● Required work
Emit the line that holds "Cho <span class=keywords><strong>Funko</strong></span>" and all lines following it through the end of the data, verbatim, and nothing else.

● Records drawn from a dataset
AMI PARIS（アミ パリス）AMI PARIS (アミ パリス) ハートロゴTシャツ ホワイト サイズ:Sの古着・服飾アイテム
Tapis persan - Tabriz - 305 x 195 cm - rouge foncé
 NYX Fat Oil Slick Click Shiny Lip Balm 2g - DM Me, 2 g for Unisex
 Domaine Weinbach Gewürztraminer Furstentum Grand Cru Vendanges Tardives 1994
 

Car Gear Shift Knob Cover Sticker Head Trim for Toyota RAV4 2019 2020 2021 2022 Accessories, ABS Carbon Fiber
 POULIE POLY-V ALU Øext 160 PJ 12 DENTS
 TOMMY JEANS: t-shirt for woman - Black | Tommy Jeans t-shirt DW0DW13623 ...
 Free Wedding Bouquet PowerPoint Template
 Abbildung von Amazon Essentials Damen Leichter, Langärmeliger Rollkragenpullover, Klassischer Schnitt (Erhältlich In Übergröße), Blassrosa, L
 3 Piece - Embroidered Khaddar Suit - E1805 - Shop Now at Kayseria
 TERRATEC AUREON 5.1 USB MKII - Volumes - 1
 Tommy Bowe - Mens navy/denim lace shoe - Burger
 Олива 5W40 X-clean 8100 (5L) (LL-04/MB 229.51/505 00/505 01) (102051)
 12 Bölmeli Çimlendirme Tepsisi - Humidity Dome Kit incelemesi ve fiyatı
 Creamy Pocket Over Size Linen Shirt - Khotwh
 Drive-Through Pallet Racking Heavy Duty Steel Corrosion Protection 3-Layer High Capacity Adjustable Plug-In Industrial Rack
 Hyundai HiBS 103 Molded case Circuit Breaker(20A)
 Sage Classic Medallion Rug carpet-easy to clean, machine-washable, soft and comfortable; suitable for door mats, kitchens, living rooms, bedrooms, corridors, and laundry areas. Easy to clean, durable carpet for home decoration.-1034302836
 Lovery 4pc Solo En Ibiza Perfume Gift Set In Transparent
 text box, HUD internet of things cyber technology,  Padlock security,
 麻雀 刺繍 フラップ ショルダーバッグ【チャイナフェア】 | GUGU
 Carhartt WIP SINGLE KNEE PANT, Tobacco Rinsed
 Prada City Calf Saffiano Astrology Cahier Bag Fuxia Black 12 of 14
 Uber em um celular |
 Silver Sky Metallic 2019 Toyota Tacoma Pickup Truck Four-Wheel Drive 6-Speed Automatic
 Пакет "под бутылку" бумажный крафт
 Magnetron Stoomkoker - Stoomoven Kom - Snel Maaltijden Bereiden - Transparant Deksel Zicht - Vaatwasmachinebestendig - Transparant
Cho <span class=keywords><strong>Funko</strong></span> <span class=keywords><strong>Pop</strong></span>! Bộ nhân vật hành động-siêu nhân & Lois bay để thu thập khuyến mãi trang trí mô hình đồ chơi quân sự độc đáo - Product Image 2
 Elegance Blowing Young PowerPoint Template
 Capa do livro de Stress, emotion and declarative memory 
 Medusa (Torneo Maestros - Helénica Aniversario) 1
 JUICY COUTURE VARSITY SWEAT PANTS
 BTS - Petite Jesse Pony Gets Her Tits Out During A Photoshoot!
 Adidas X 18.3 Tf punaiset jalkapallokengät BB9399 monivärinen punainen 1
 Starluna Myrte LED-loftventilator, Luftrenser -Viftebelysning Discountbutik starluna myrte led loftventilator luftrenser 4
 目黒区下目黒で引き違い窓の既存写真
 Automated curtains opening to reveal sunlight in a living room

● Completed task
Cho <span class=keywords><strong>Funko</strong></span> <span class=keywords><strong>Pop</strong></span>! Bộ nhân vật hành động-siêu nhân & Lois bay để thu thập khuyến mãi trang trí mô hình đồ chơi quân sự độc đáo - Product Image 2
 Elegance Blowing Young PowerPoint Template
 Capa do livro de Stress, emotion and declarative memory 
 Medusa (Torneo Maestros - Helénica Aniversario) 1
 JUICY COUTURE VARSITY SWEAT PANTS
 BTS - Petite Jesse Pony Gets Her Tits Out During A Photoshoot!
 Adidas X 18.3 Tf punaiset jalkapallokengät BB9399 monivärinen punainen 1
 Starluna Myrte LED-loftventilator, Luftrenser -Viftebelysning Discountbutik starluna myrte led loftventilator luftrenser 4
 目黒区下目黒で引き違い窓の既存写真
 Automated curtains opening to reveal sunlight in a living room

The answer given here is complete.